Learning through and about the arts enriches the experience of studying while at school, as well as preparing students for life after school. Art subjects encourage self-expression and creativity and can build confidence. Creativity can help with wellbeing, improving health and happiness by providing an outlet for the pressures of study as well as those of everyday life. Studying the arts also helps to develop critical thinking and the ability to interpret the world around us. (Talking point Tate)
Each year group has a carefully selected piece of art which is then used for cross - curricular links across the subjects. Subjects are taught discretely, but there is a strong focus on links being made to the humanities subjects and where possible to the others such as D&T and science. Most year groups do a piece of art every term but in EYFS they may study a different piece each half-term. Some texts in English are used to support the cross-curricular links and, where possible, links to maths are made.
Where links are not possible, subjects are taught independently.

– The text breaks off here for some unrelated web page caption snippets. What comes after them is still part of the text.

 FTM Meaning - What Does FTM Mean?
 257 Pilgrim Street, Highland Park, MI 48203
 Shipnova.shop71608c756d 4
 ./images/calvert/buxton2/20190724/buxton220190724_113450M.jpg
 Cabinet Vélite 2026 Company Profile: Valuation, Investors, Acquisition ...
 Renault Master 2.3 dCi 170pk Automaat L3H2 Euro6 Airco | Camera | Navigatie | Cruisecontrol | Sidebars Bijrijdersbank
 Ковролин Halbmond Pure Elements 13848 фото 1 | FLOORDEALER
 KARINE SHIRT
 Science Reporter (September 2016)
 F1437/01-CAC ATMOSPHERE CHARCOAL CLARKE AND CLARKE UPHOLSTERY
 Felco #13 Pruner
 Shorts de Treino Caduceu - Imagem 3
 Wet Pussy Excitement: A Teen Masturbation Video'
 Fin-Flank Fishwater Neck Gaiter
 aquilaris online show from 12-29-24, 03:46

In some cases, a different artwork may be used to act as a stimulus only and is not used as part of a focus art study - for example, Year 4 Rainforests and Year 5 Volcanoes.
Each subject lead has carefully planned their curriculum using the National Curriculum and other sources of expertise to help them. All subjects have a clear progression map and overview for the school. Subject leads have created medium-term planning (MTP) which clearly sets out what the children will learn for each unit of work including learning objectives, vocabulary skills and knowledge, learning outcomes, fieldwork and educational visits, resources to be used and home learning opportunities arising from the learning. Teachers use MTPs to plan their daily lessons. Each year group has an overview of their long-term curriculum planning so they can see the curriculum links across areas and plan their term's work accordingly.
The core subjects of maths and English are taught daily. Phonics is taught daily and discretely in EYFS and KS1 and where necessary in KS2. We use the Bug Club Phonics program. Science, non-core subjects, RE and PSHE are taught at least once a week. We recognise that our children need to know how to stay healthy and keep active, so they have twice-weekly PE sessions. Art and DT are taught over alternate half-terms as are geography and history.
The hidden curriculum
Our school values underpin the year with one being the focus each half-term. British values are taught and embedded within our curriculum. Pupils are encouraged to be good role models and citizens. All staff model how to be courteous respectful and inclusive. Pupils are taught to appreciate both the similarities and differences between themselves and others. Assemblies are used to address issues or themes and are held daily.